■ PROVIDED MATERIAL:
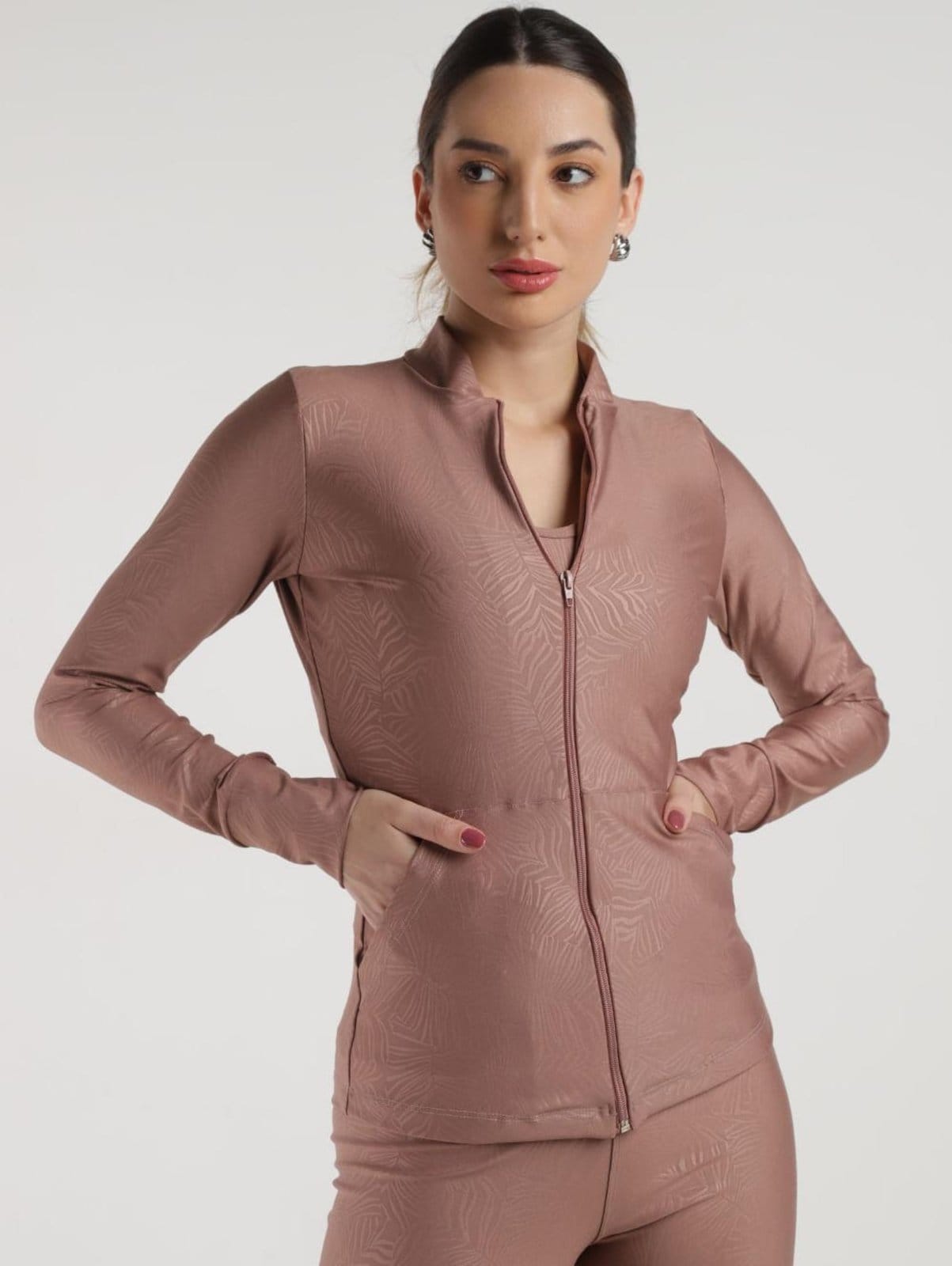 Jaqueta Cirrê Vels Feminina MARROM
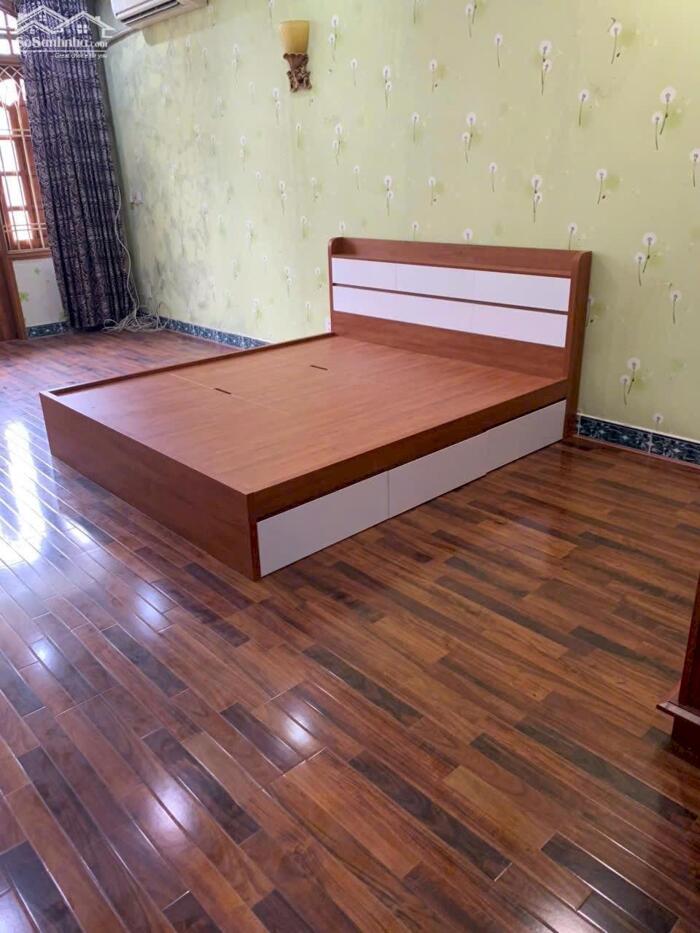 Hình ảnh CHO THUÊ NHÀ MẶT PHỐ VĂN CAO - 4 TẦNG, 6 NGỦ, KINH DOANH SẦM UẤT! 0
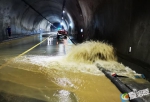 涪陵天池隧道现大量积水暂时封闭 过往车辆注意绕行 - 重庆晨网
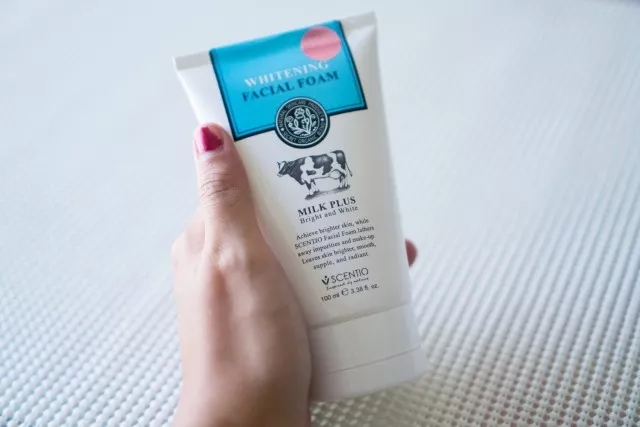 推荐几款网红洗面奶好用 (最近很火的网红洗面奶真的有用吗)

■ YOUR OBJECTIVE: Reproduce, word for word, the lines from the one containing "Hình ảnh CHO" through the final line above. Leave every picture out.

■ RESULT OF THIS TASK:
 Hình ảnh CHO THUÊ NHÀ MẶT PHỐ VĂN CAO - 4 TẦNG, 6 NGỦ, KINH DOANH SẦM UẤT! 0
 涪陵天池隧道现大量积水暂时封闭 过往车辆注意绕行 - 重庆晨网
 推荐几款网红洗面奶好用 (最近很火的网红洗面奶真的有用吗)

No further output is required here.